▸ WHAT YOU HAVE TO DO
Could you quote, exactly as they stand, the lines running from the one with "this 768×1024 image." to the final line of the material?
Start of RECORDS SUPPLIED
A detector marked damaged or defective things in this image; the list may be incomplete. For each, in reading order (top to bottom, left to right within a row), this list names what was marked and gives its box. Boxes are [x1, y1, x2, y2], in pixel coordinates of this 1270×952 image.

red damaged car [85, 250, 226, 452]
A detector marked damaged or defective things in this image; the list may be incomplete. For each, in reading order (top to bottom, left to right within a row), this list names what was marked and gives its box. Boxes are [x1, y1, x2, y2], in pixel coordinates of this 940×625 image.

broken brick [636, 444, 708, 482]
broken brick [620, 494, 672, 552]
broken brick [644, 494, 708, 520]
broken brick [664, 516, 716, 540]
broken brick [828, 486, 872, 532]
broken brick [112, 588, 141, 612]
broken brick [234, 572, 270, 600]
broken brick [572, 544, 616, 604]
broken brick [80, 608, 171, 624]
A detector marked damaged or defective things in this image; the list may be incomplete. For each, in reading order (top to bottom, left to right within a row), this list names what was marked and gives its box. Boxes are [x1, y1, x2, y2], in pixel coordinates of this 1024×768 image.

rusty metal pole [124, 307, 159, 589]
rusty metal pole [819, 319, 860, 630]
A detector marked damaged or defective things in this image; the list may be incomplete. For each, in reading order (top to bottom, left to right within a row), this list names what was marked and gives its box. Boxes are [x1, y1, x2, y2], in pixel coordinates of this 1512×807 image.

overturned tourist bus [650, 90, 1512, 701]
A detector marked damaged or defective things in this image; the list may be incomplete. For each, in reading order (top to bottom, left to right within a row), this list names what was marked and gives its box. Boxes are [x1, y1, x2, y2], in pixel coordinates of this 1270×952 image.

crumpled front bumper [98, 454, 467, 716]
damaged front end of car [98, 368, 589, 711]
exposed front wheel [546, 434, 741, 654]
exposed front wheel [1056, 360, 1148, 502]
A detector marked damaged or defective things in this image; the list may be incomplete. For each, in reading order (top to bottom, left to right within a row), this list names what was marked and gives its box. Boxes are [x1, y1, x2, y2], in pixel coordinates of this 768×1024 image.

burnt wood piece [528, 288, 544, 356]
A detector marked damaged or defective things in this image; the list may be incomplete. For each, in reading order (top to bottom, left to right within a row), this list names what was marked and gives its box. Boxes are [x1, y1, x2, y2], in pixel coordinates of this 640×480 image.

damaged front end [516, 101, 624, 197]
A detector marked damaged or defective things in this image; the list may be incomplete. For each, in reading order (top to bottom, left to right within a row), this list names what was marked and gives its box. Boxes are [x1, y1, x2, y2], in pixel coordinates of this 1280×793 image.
End of RECORDS SUPPLIED
▸ RESPONSE TO THIS TASK
A detector marked damaged or defective things in this image; the list may be incomplete. For each, in reading order (top to bottom, left to right within a row), this list names what was marked and gives its box. Boxes are [x1, y1, x2, y2], in pixel coordinates of this 768×1024 image.

burnt wood piece [528, 288, 544, 356]
A detector marked damaged or defective things in this image; the list may be incomplete. For each, in reading order (top to bottom, left to right within a row), this list names what was marked and gives its box. Boxes are [x1, y1, x2, y2], in pixel coordinates of this 640×480 image.

damaged front end [516, 101, 624, 197]
A detector marked damaged or defective things in this image; the list may be incomplete. For each, in reading order (top to bottom, left to right within a row), this list names what was marked and gives its box. Boxes are [x1, y1, x2, y2], in pixel coordinates of this 1280×793 image.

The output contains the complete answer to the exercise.